# Exercise prompt
Could you output the listing that follows exactly, without its images?

# Data excerpt
|---|
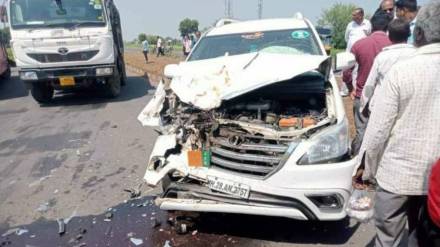 Vijayraj Shinde vehicle hit by st bus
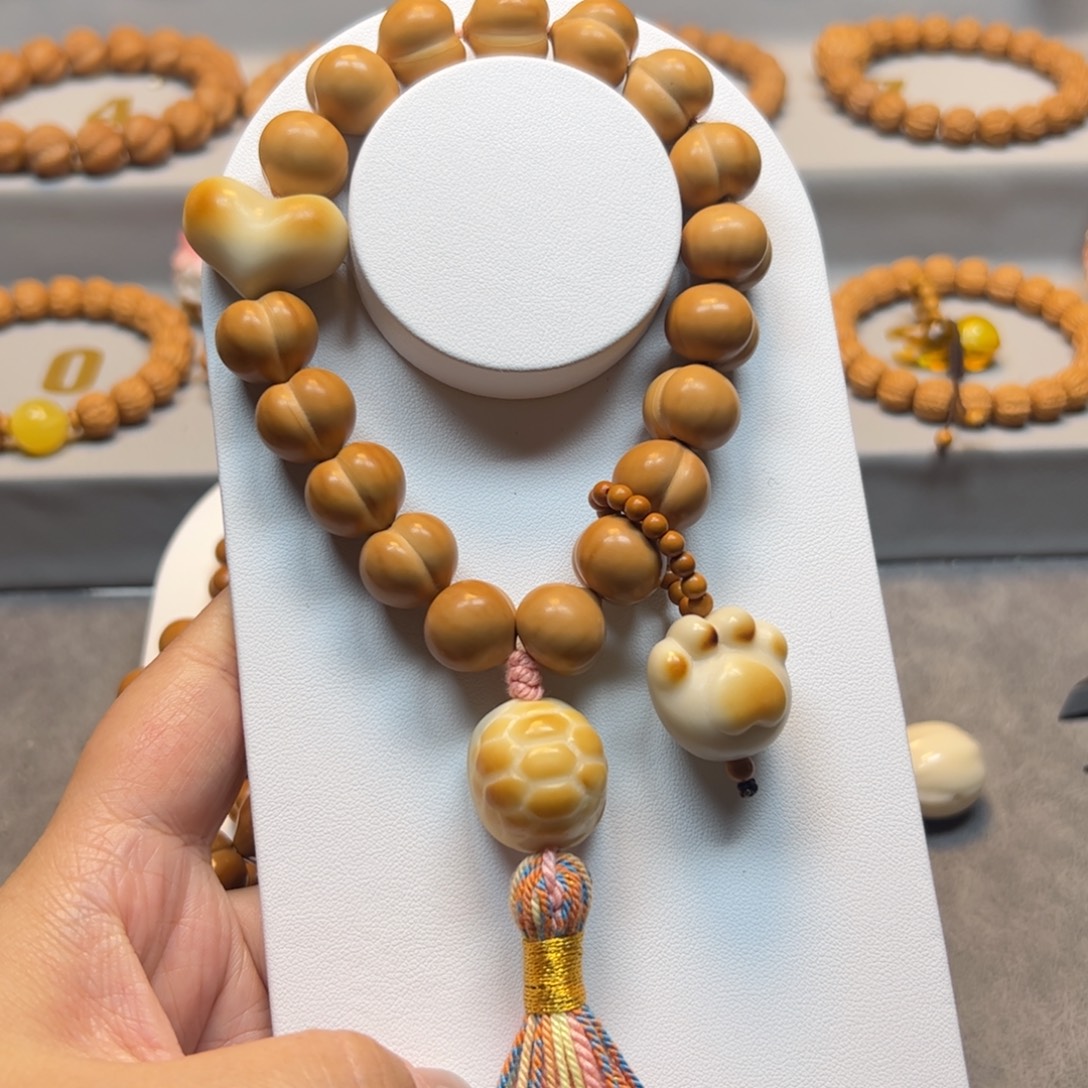 猴头核桃手串15➕屁桃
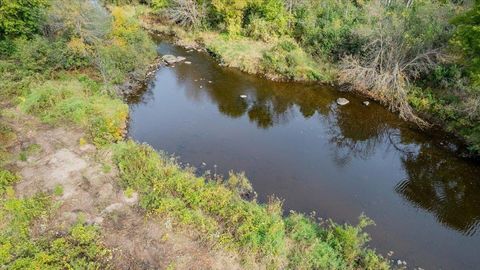 Tiny photo for 2 River Bend Dr #B, Esko, MN 55733 (MLS # 6122187)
|---|
# Answer for this exercise
 Vijayraj Shinde vehicle hit by st bus
 猴头核桃手串15➕屁桃
 Tiny photo for 2 River Bend Dr #B, Esko, MN 55733 (MLS # 6122187)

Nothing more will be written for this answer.